今日ネット上では、studygiftという新サービスの話題でもちきりだった。学費の工面に困っていたり、何かの目標に挑戦したい学生を支援するサポーターを集めるためのオンラインサービス。サービスのコンセプト自体はまったく何の問題もなく、むしろ大いにやってくれればいいと思うのだが、そのローンチの仕方が、いささかまずかった。

最初に学費の支援を求めるという形で広告キャラクターのような立場でフィーチャーされたのが、しばらく前からネット上で人気の女子大生。InstagramやGoogle+ですごい数のフォロワーを持つ女の子で、起用(?)されたのもさもありなんという感じだった。ところが、彼女が学費の支援を求める理由は、「成績が下がってしまって奨学金を打ち切られてしまった」という正直すぎるものだったのがよくなかった。有名人がこういう弱みを見せると、世間は容赦ない。案の定、この件はネット上で格好の餌食にされ、炎上どころか血祭りに近い状態になった。

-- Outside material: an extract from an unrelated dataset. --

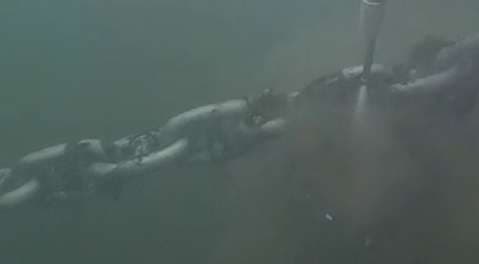 Outfall Inspection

この件は、その女子大生が悪いというより、サービス提供元のスタッフの見込みが甘かったことに尽きると思う。広告キャラクターと呼ぶと否定されるのだろうけど、あれだけ彼女をフィーチャーして最前線に押し出しているのだから、こんな惨事にならないための準備(嘘をつけとは言わないが、オブラートにくるむくらいの大人の配慮)はすべきだったろう。それでも、人々に「彼女を助けたい」と思わせるほどの真摯さが伝わったかどうかはわからないが。

件の彼女の場合、元々有名なだけあって、それなりの金額が集まっているそうだ。でも、その代わりに、彼女はどれだけのものを失っただろうか。

人にお願いごとをしてお金をもらうということは、とても大変で、デリケートなことだ。クラウド・ファンディングであれ何であれ、システム的にうまく立ち回りさえすればお金が集まるなんてことは、ありえない。人の心を動かすには何よりも、真摯な理由がいるのだと思う。